## WEB SCRAPING IN PYTHON: WIKIPEDIA TABLE

### Introduction

In this guide, we will scrape table data from the Wikipedia page titled **"The 30 largest countries by net national wealth (in billions USD)"**. You can find the page [here](https://en.wikipedia.org/wiki/List_of_countries_by_total_wealth).

This process involves:
1. Fetching the webpage.
2. Parsing the HTML content.
3. Extracting data into a structured format using Python libraries.

### Required Libraries

To perform web scraping and handle data, we will use the following Python libraries:
- `requests` for fetching web pages.
- `beautifulsoup4` for parsing HTML content.
- `pandas` for data manipulation and saving data to CSV.

Before running the code, make sure to install the necessary libraries. In a Jupyter Notebook cell, you can use:

In [None]:
# !pip install beautifulsoup4
# !pip install pandas 
# !pip install requests

In [None]:
# Load Libraries
from bs4 import BeautifulSoup
import requests
import pandas as pd

In [None]:
# Fetch the Webpage
url = 'https://en.wikipedia.org/wiki/List_of_countries_by_total_wealth'
page = requests.get(url)
page

In [None]:
# Parse the HTML Content
soup = BeautifulSoup(page.text, 'html.parser')
print(soup.prettify())  # Pretty-print the HTML content

### Inspect the Wikipedia Page 
To locate the table we need:
Right-click on the webpage and select "Inspect" to open the developer tools.
There are multiple tables on the page, and we need the second one. **"The 30 largest countries by net national wealth (in billions USD)"** [List_of_countries_by_total_wealth](https://en.wikipedia.org/wiki/List_of_countries_by_total_wealth) 

Identify the Target Table
The 1st, 3rd, and 4th tables have the class **wikitable sortable jquery-tablesorter.**
The 2nd table has the class **wikitable static-row-numbers.**. 

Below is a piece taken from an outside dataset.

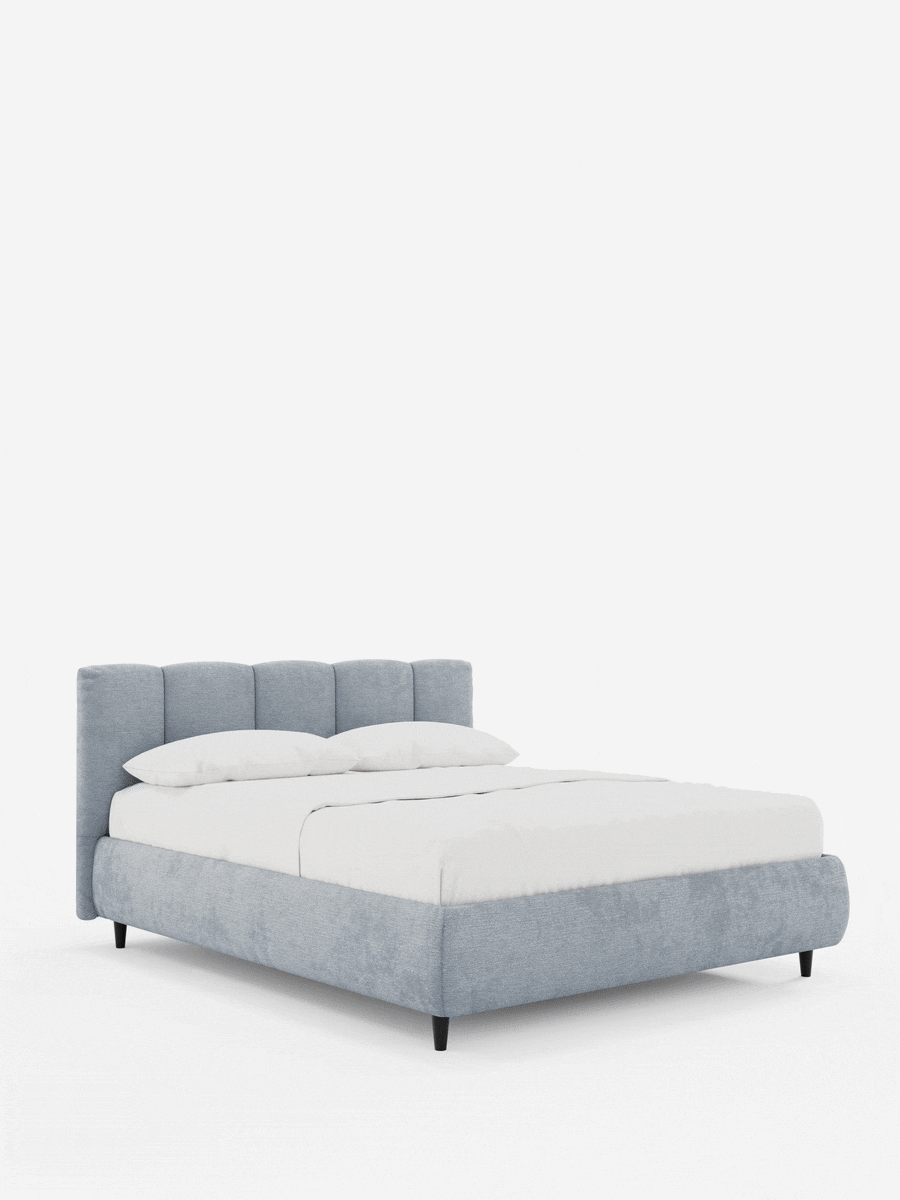 ARKAM, letto imbottito con contenitore e testiera a lavorazione verticale in azzurro, rivestito con biancheria da letto bianca, su piccole gambe affusolate nere, su uno sfondo bianco sporco.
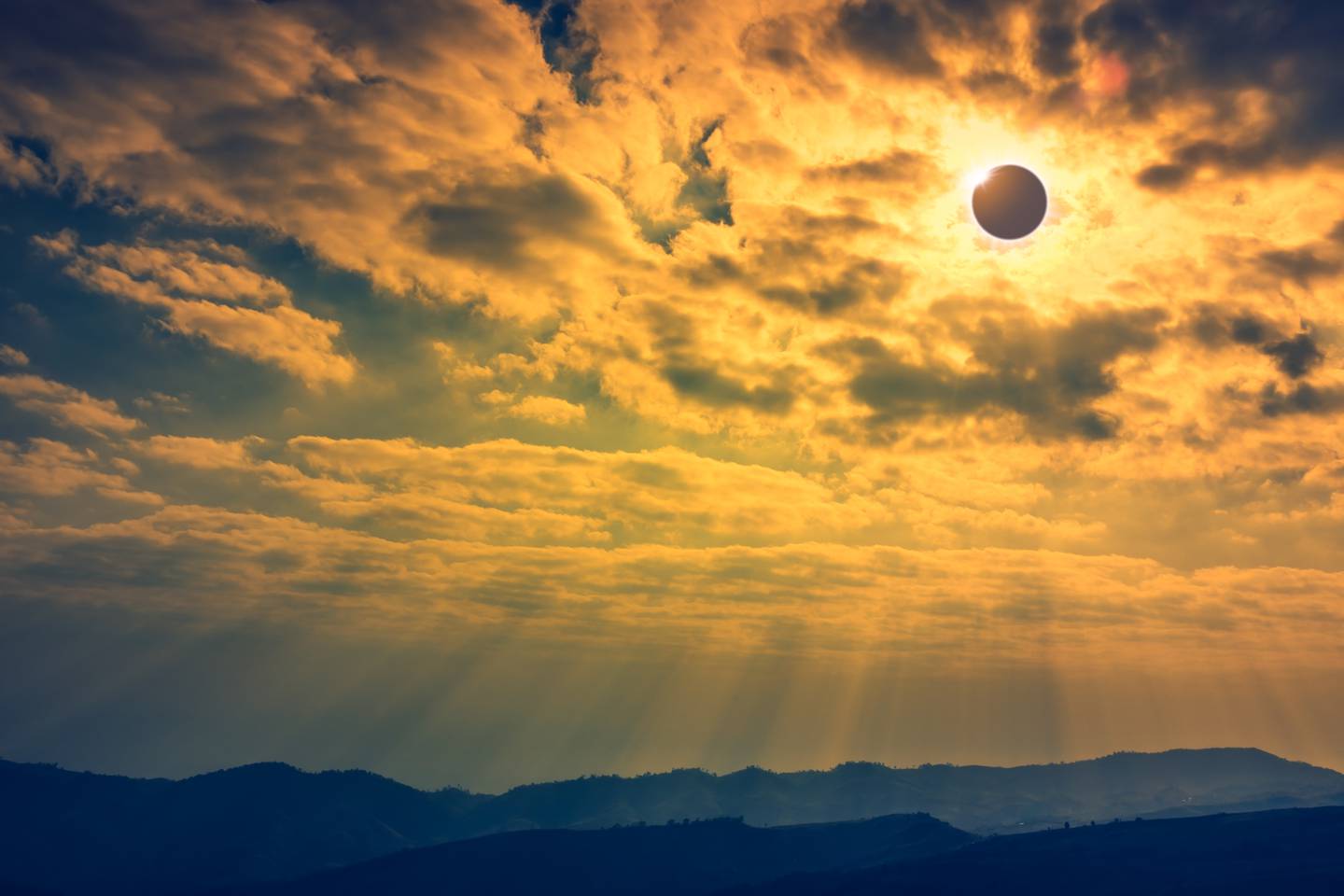 Un un eclipse anular sucede cuando nuestro satélite natural se sitúa frente al Sol pero sin cubrir toda su superficie, por lo que se proyecta un disco oscuro encima de la estrella. De ahí el efecto de "anillo de fuego". Fotografía:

🔗[Inspect page](https://github.com/DataVizStory/Web-Scraping/blob/main/Images/Wiki_table.gif)

Two ways target the 2nd table: 
+ via tag
+ via class

### Via tag

In [None]:
soup.find_all('table')  # Find all tables on the page

In [None]:

# This returns a list of all tables. We can access the second table using index 1:
soup.find_all('table')[1]

### Via class 

Alternatively, use the unique class name (**'wikitable static-row-numbers'**) for the second table: 

In [None]:
soup.find('table', class_="wikitable static-row-numbers")

In [None]:
# For demonstration, we'll use the first way to find table via tag :
table = soup.find_all('table')[1]

### Extract Column Titles

In [None]:
#To get the table headers: 
all_table_titles=table.find_all('th')
all_table_titles


In [None]:
table_titles = [title.text.strip() for title in all_table_titles]
print(table_titles)  # Output the cleaned table titles

### Create DataFrame

In [None]:
#Lets create datatable:
df = pd.DataFrame(columns=table_titles)
df

### Extract and Populate Data

In [None]:
# Extract table rows and populate the DataFrame:
column_data = table.find_all('tr')

for row in column_data[1:]:  # Skip the header row
    row_data = row.find_all('td')
    individual_row_data = [data.text.strip() for data in row_data]
    df.loc[len(df)] = individual_row_data
df

## Alternative Method to Fetch Table Directly

In [None]:
import pandas as pd

# Fetch the page and read the table directly into a DataFrame
url = 'https://en.wikipedia.org/wiki/List_of_countries_by_total_wealth'
dfs = pd.read_html(url)

# The desired table is the second one (index 1)
df2 = dfs[1]

# Display the DataFrame
df2

In [None]:
# Save your DataFrame to a CSV file
df.to_csv('Companies.csv', index=False)